Here are some examples of running accio with spark on JOB(v0) benchmark under 10Gbps bandwidth:
### spark native (without accio)
just bench-s spark native -c -c ./benchmark/config/job_spark/10gbit db1 db2 -w workload/job2_v0
### with accio
just bench-s spark accio -c ./benchmark/config/job_spark/10gbit -s benefit db1 db2 -w workload/job2_v0
### pushdown evaluation (with partition disabled)
# test iterative approach
just bench-s spark accio -c ./benchmark/config/job_spark/10gbit_nopart -s benefit db1 db2 -w workload/job2_v0
# test twophase approach
just bench-s spark accio -c ./benchmark/config/job_spark/10gbit_nopart -s goo db1 db2 -w workload/job2_v0
# test exhaustive approach
just bench-s spark accio -c ./benchmark/config/job_spark/10gbit_nopart -s dpsize db1 db2 -w workload/job2_v0
# test pushall baseline
just bench-s spark accio -c ./benchmark/config/job_spark/10gbit_nopart -s pushdown db1 db2 -w workload/job2_v0
# test nopush baseline
just bench-s spark accio -c ./benchmark/config/job_spark/10gbit_nopush_nopart -s benefit db1 db2 -w workload/job2_v0
### partition evaluation (with pushdown disabled)
# enable partition
just bench-s spark accio -c ./benchmark/config/job_spark/10gbit_nopush -s benefit db1 db2 -w workload/job2_v0
# disable partition
just bench-s spark accio -c ./benchmark/config/job_spark/10gbit_nopush_nopart -s benefit db1 db2 -w workload/job2_v0
Use command just bench-s spark --help
for more detailed parameter explanations.
Note that for the join pushdown evaluation, please checkout to ablation
branch first to use a single postgres configured in **/ce.json
for cardinality estimation.
Other engines, workloads and network condition are similar by changing the corresponding parameters in the command. More details can be found from the benchmark scripts located here.
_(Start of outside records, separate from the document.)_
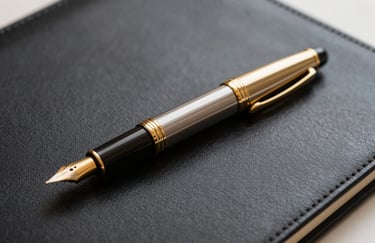 Close-up of a high-quality gold fountain pen resting on a dark leather-bound document folder. Soft lighting highlights the refined texture and sense of formal agreement.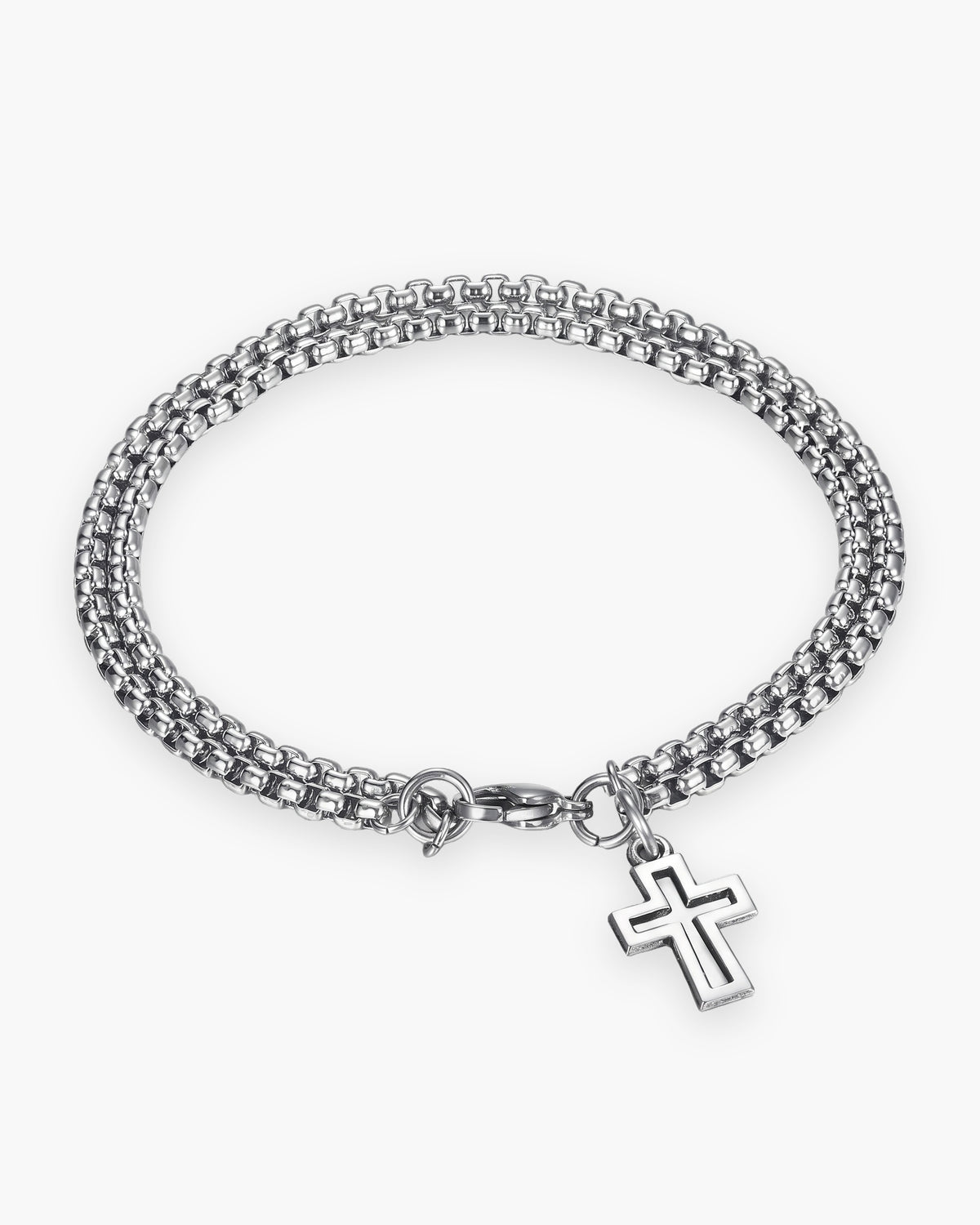 Atlas double rolo cross bracelet in silver stainless steel [c:silver]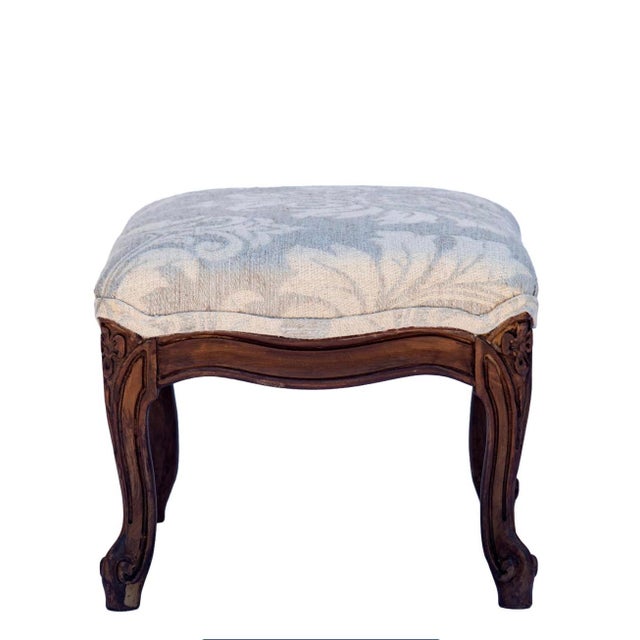 Antique French Footstool, Hand Carved, Upholstered in Italian Damask For Sale - Image 4 of 4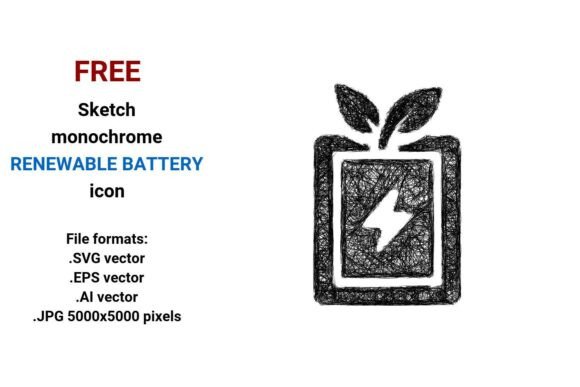 FREE Sketch Renewable Battery Icon Graphics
Specifically, we create a json file for each database as configuration, here is an example:
{
"driver": "org.postgresql.Driver",
"url": "jdbc:postgresql://${DB_IP}:${DB_PORT}/${DB_NAME}",
"username": "postgres",
"password": "postgres",
"costParams": {
"join": 2.0,
"trans": 10.0
},
"cardEstType": "postgres",
"partitionType": "postgres",
"partition": {
"max_partition_per_table": 16
},
"dialect": "postgres",
"disableOps": []
}
It contains the following information:
- Authentication and connection info: driver, ulr, username, password
- Customized modules for the data source:
- costParams: the parameters used in the default cost estimator, by default, all parameters are 1.0
- cardEstType: the cardinality estimator used for the data source, interface and existing implementations can be found here
- partitionType: the query partitioner used for the data source, interface and existing implementations can be found here
- partition: the parameters used in the partitioner
- dialect: the dialect used to generate queries to be issued to the data source, we implement a few dialects based on calcite's dialect, which can be cound here
- disableOps: the operators that the data source cannot support. For example, if its value is
["join"]
, we won't push down join to the source
The configurations we use for benchmark can be found here.